The activity of radioactive substance reduced from 2000Bq to 1000Bq in10^6sec.what is the decay constant
The decay constant (λ) can be calculated using the equation:
N = N0 * e^(-λt)
where N is the final activity (1000 Bq), N0 is the initial activity (2000 Bq), t is the time (10^6 sec), and e is the mathematical constant 2.71828...
Substituting the values given, we get:
1000 = 2000 * e^(-λ*10^6)
Simplifying, we get:
e^(-λ*10^6) = 0.5
Taking natural logarithm on both sides, we get:
ln(e^(-λ*10^6)) = ln(0.5)
Simplifying, we get:
-λ*10^6 = -0.693
Dividing by 10^6, we get:
λ = 6.93 * 10^-7 s^-1
Therefore, the decay constant is 6.93 * 10^-7 s^-1.

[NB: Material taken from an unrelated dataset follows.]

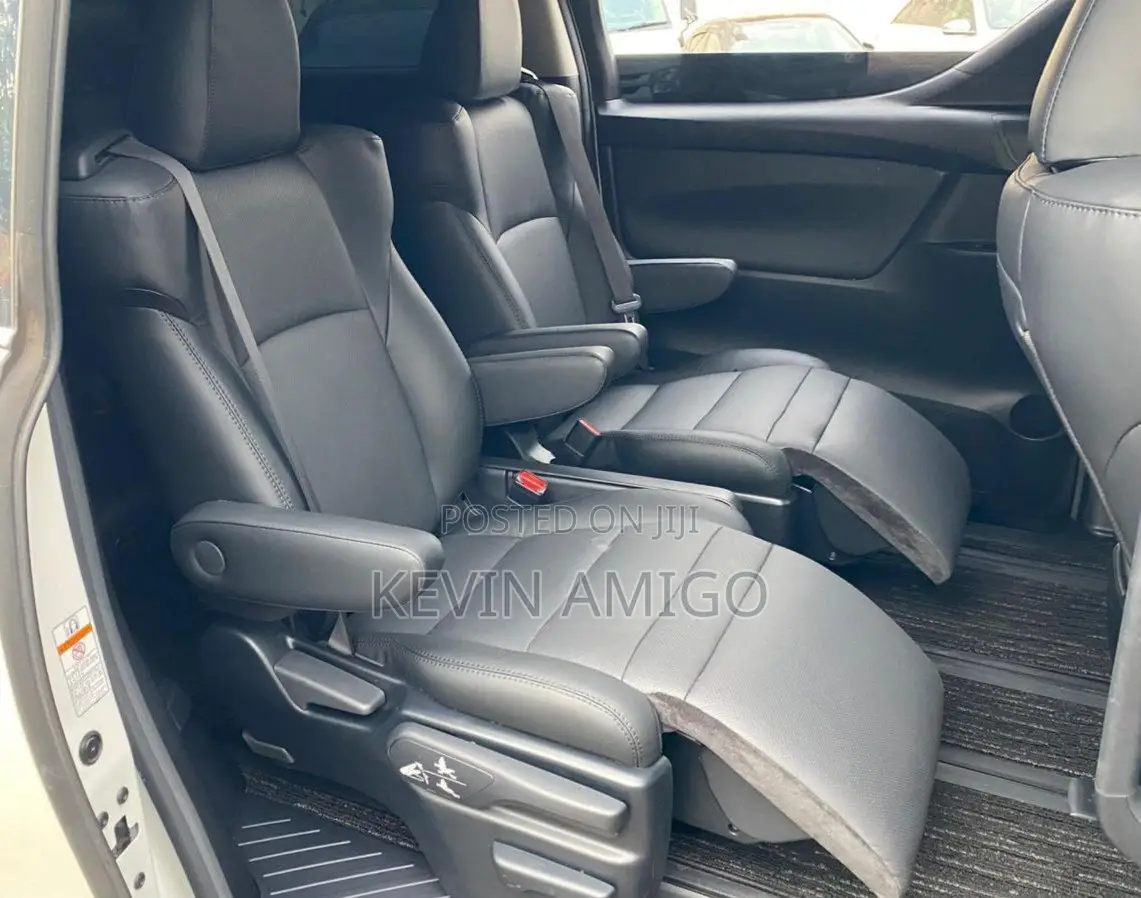 Toyota Vellfire 2019 White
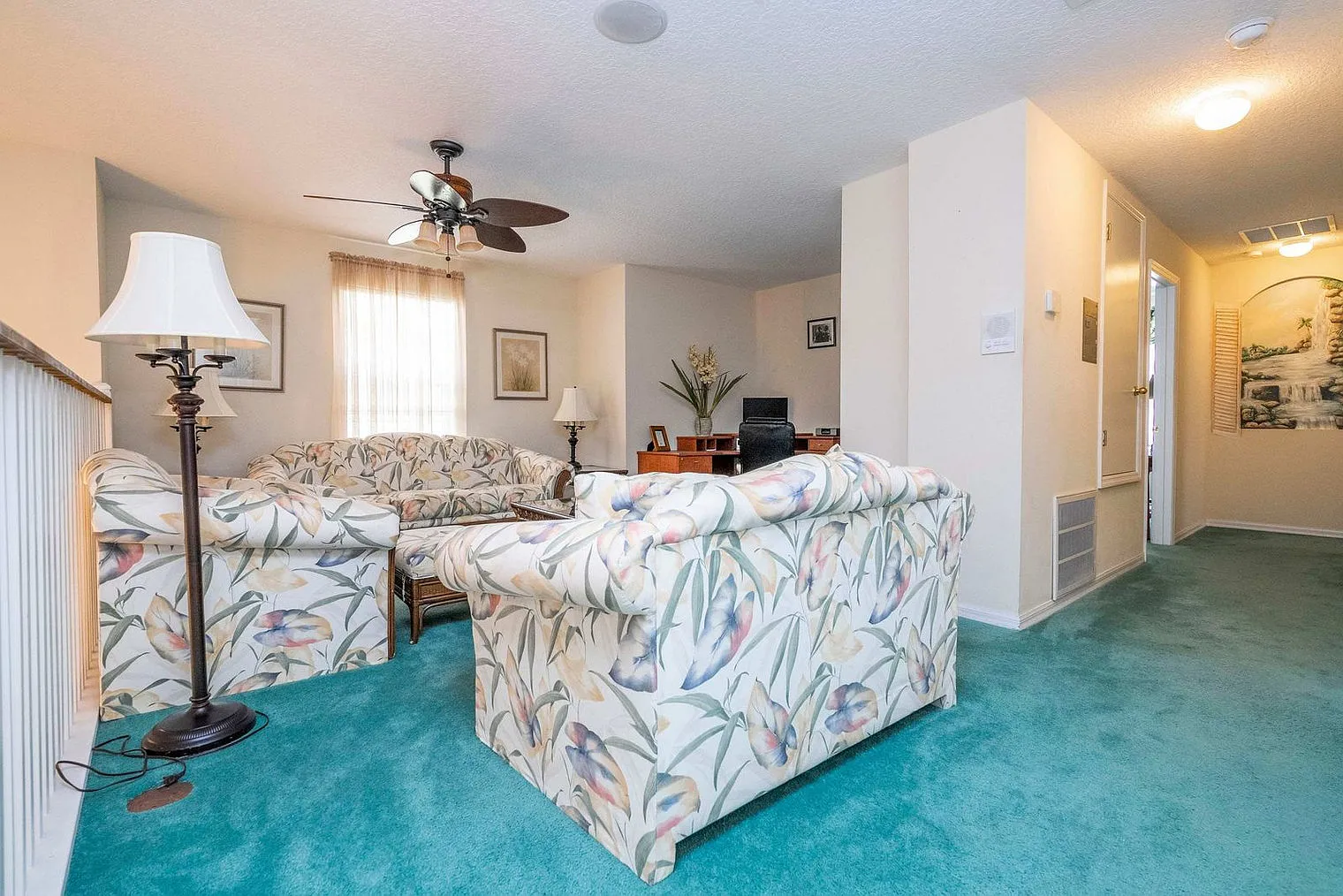 6 bed, 5.0 bath, 3498 sqft, $6,388 — Photo 4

To find the decay constant, we can use the following equation:
N = N0 * e^(-λt)
Where:
N is the final activity (1000 Bq)
N0 is the initial activity (2000 Bq)
λ is the decay constant (to be determined)
t is the time interval (10^6 seconds)
We can rearrange the equation to solve for λ:
λ = -ln(N/N0) / t
Substituting the given values, we have:
λ = -ln(1000/2000) / (10^6 seconds)
Simplifying,
λ = -ln(0.5) / (10^6 seconds)
Using a scientific calculator or computer program, we can find the natural logarithm of 0.5 and divide it by 10^6 seconds to calculate the decay constant. After evaluating the expression, the resulting decay constant can be obtained.